■ DATA SECTION:
○ ○ ○ ○ ○

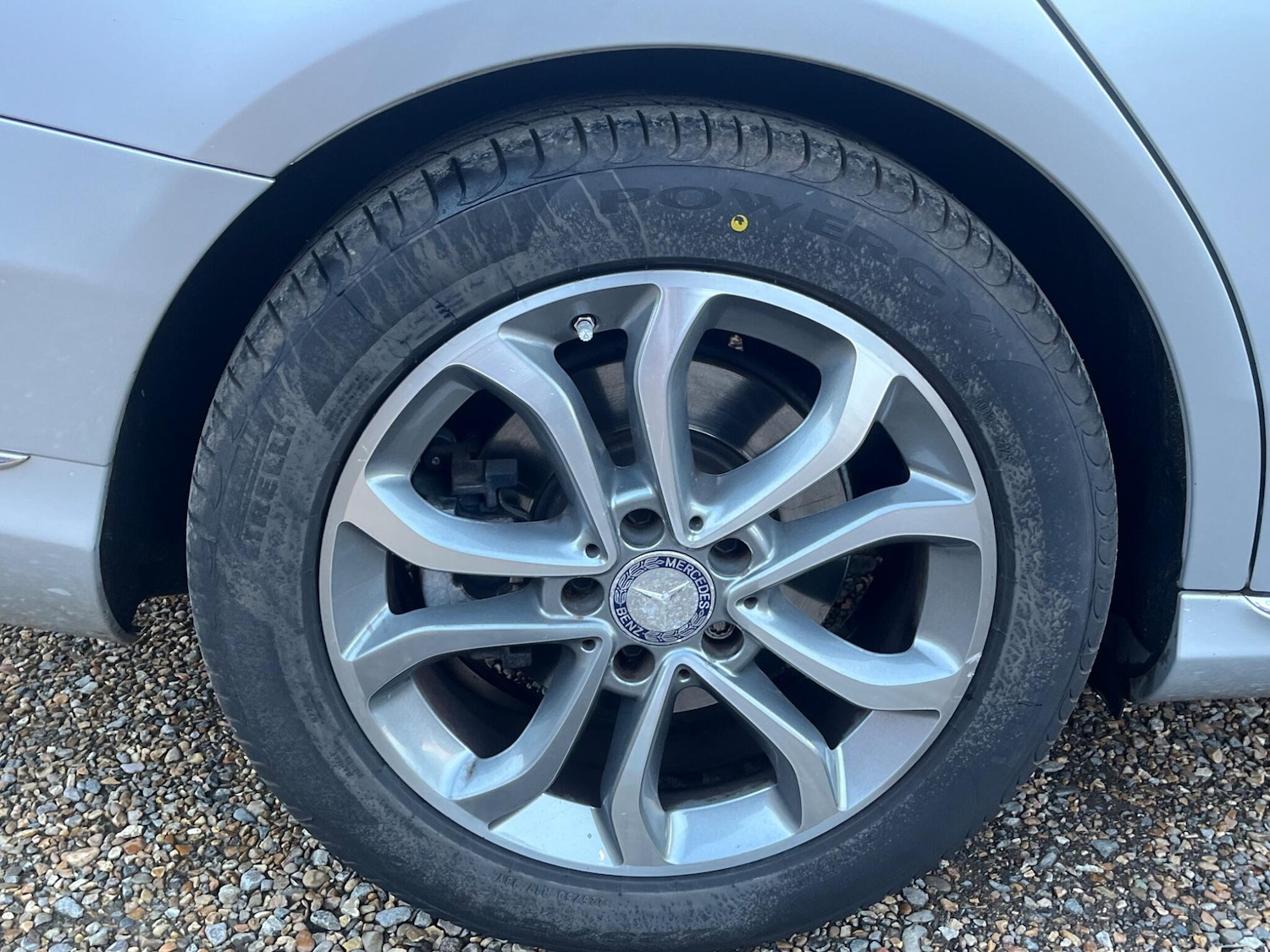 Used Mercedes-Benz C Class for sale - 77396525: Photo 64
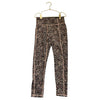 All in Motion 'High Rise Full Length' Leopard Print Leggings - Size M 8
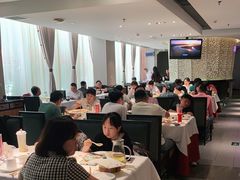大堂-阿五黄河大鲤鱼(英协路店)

○ ○ ○ ○ ○

■ PROBLEM TO SOLVE:
Please set down the whole listing exactly, apart from the pictures.

■ ANSWER TO THIS EXERCISE:
 Used Mercedes-Benz C Class for sale - 77396525: Photo 64
 All in Motion 'High Rise Full Length' Leopard Print Leggings - Size M 8
大堂-阿五黄河大鲤鱼(英协路店)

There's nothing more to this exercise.